Because of his stroke and disabilities, my dad was unable to travel to Kenya. In Colorado, I lived near him and I had never gone this long without seeing him. I missed him terribly. But he always felt near in heart, and I could not have made it without his support. During the hardest time, he wrote this email to me, “My heart aches for you. Remember the American Indian way of saying I am sad is “my heart is on the ground” and the sign language expresses it that way – that is me. But in a little while you, Justin, and Jedd will have a glorious return home with Lily and for the rest of your life you will be comforted in knowing that you stayed the course. ‘I have fought the good fight, I have finished the race, I have kept the faith. Now there is in store for me the crown of righteousness which the Lord the righteous judge will aware to me on that day.’ 2 Tim 4:7″
There was still another moment of cruel torment for God to carry me through, though. My oldest son, Jacob, age eight-year, whom I missed desperately, finished school in Colorado. He was depressed and struggling. We convinced him to travel with his grandmother, my mother-in-law Joann, in early July to come and stay with me and his siblings for the duration of the adoption. I had not held my precious son since he and David came to Kenya for the Kakamega court date in late March/early April. As my mother-in-law and Jacob checked in at the airport, though, the agent would not allow him to board. His passport expired within five months of his expected return to the US. We didn’t know the rule that passports must expire six months or more after return to the US in order for a traveler to be issued a Kenyan visa. There are no word to express how crushed I felt to receive the news that my son would not be stepping off that airplane. Somehow, by the grace of God, I just kept going, falling asleep and waking up to another day in Kenya.
Meanwhile, Mwenda was working hard on our behalf. The re-scheduled hearing took place without incident. The adoption hearing was scheduled for July 29. David and Jacob booked their travel to attend.

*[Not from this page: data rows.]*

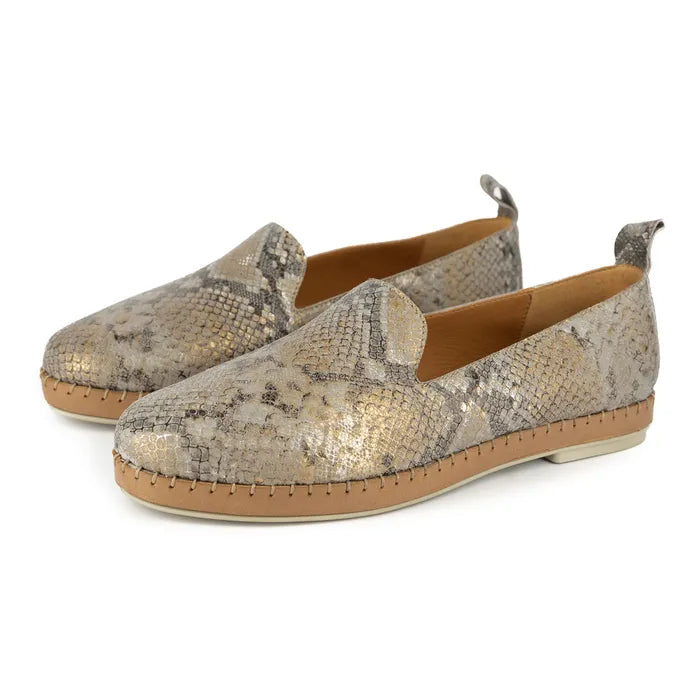 Pair of snake print loafers on a white background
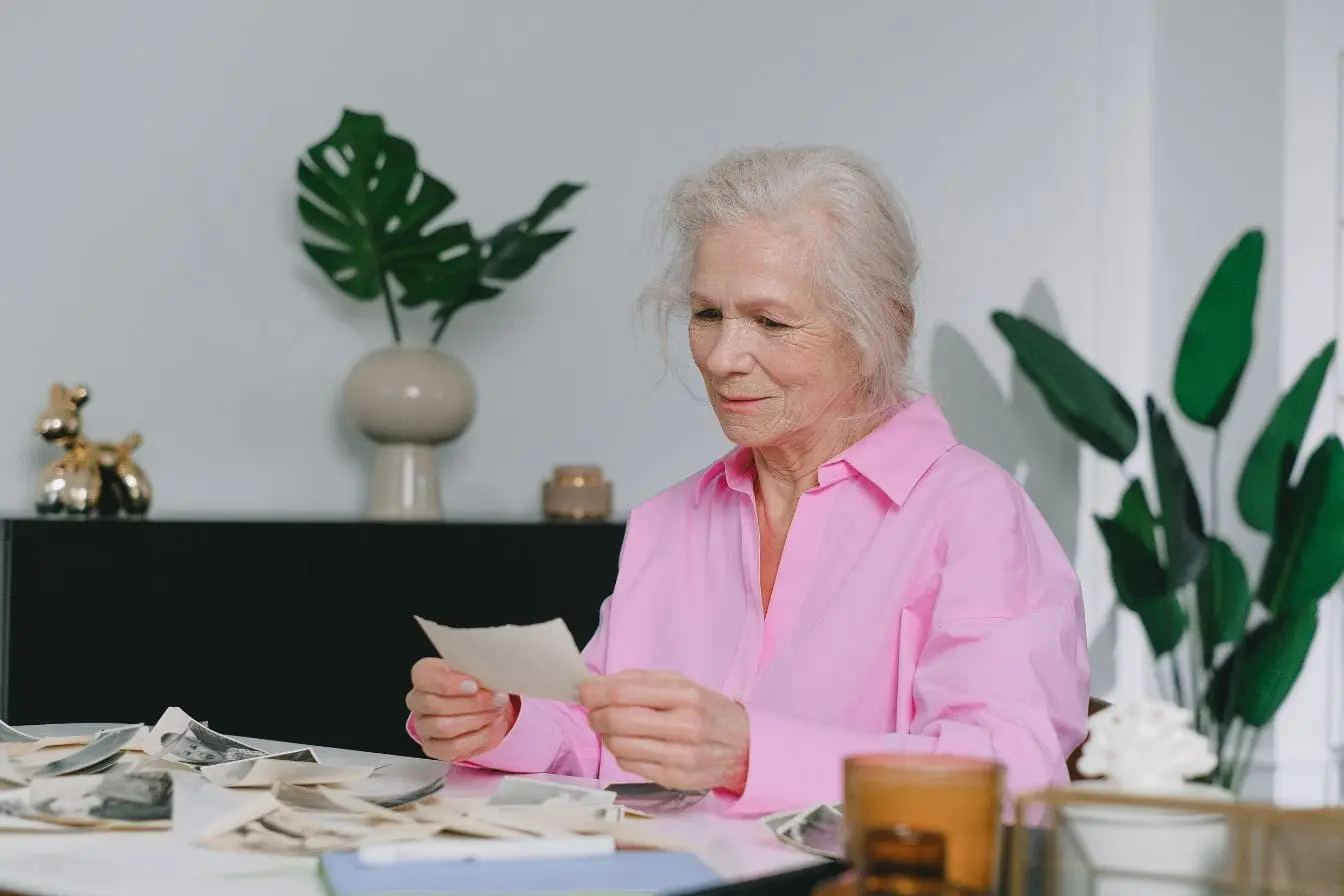 Personne âgée Personne âgée en chemise rose observant photos anciennes, image qui illustre la stimulation de la mémoire pour réduire le risque d’Alzheimer naturellement.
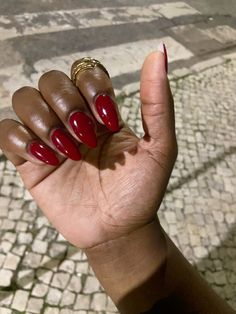 red nails season 💋 Dark Feminine Red Nails, Dark Red Glossy Nails, Burgundy Nails With Gems, Red Nails Dark Skin, Big Apple Red Nails, Cherry Red Nails Short, Short Almond Red Nails, Cranberry Red Nails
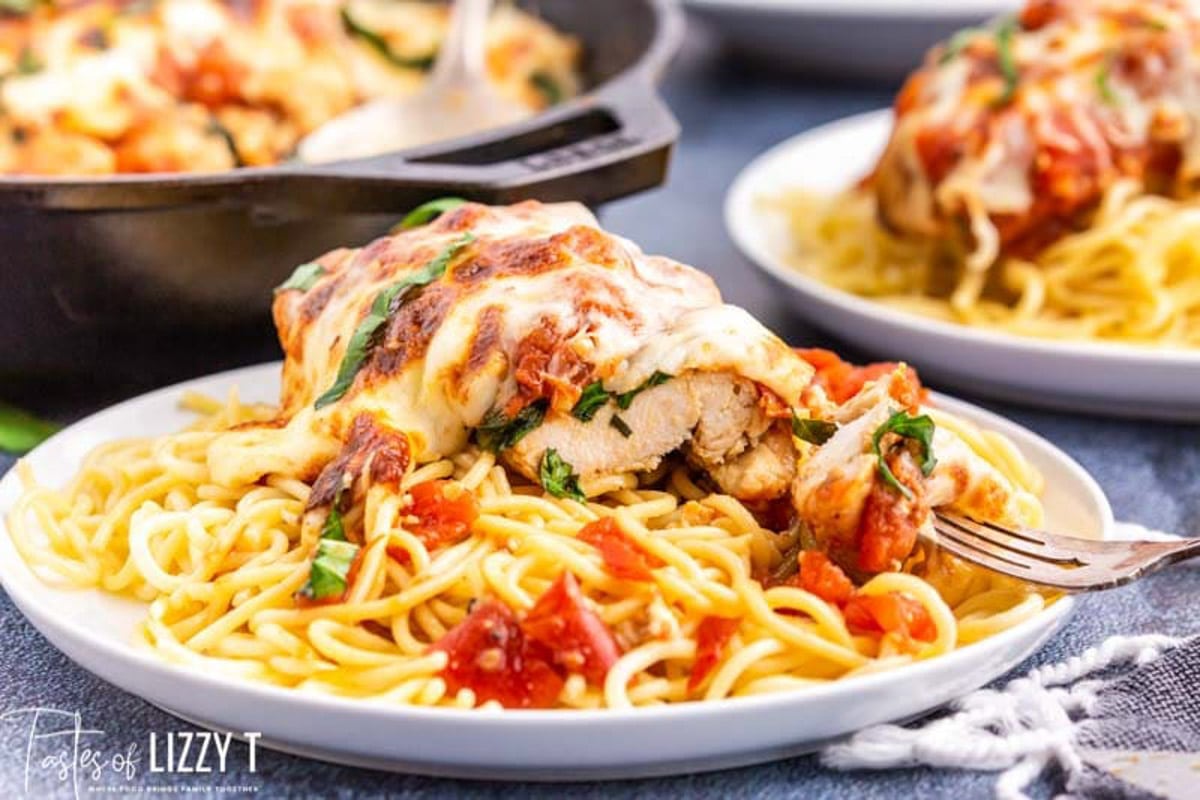 a plate of italian skillet chicken with spaghetti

Of course, the most terrifying part of the case still loomed – finding Lily’s birth mother and securing her signature. We possessed two-year-old contact information for her on the first relinquishment form. In a country with forty-two ethnic tribes, it just so happened that Lily belongs to the same tribe as the Karaus, and of their nephew. Mwenda knew how to track down Lily’s birth mother. He personally picked up the government social worker and drove her to the meeting about four hours from Nairobi. Lily’s birth mother signed the form.
And so at long last, six months after Lily came into my care, our family of six threaded through chaotic Nairobi streets with David’s mom, Mwenda, Kenyan friends Pastor Karau and Michael, Sr Cletty and another sister. Once we arrived in the somber halls of the stately courthouse, crowded with waiting, whispering people, every noise echoed from cement floors and walls. Keeping the kids quiet and entertained kept every adult challenged. Finally, after two-and-a-half hours, the judge called us into her chambers. Anxious and hoping to make a good impression, I held Lily as she fussed, weary of all this waiting. I was terrified the judge would conclude Lily was crying because we were not attached, and deny the adoption.
I remember little of the proceedings except for a question the judge asked of the boys, “Do you want to have a little sister?” Jacob glanced over at Lily with a confused expression and piped up boldly, “We already have one.” Laughter rippled through the room, at last dispelling the terrible tension.
As we left the courthouse, Mwenda encouraged us, “The fight is over, she will not deny us.”
Still, despite our hopes and prayers for a verdict that day, the judge delayed her decision for another week, a date after David’s scheduled return to the US.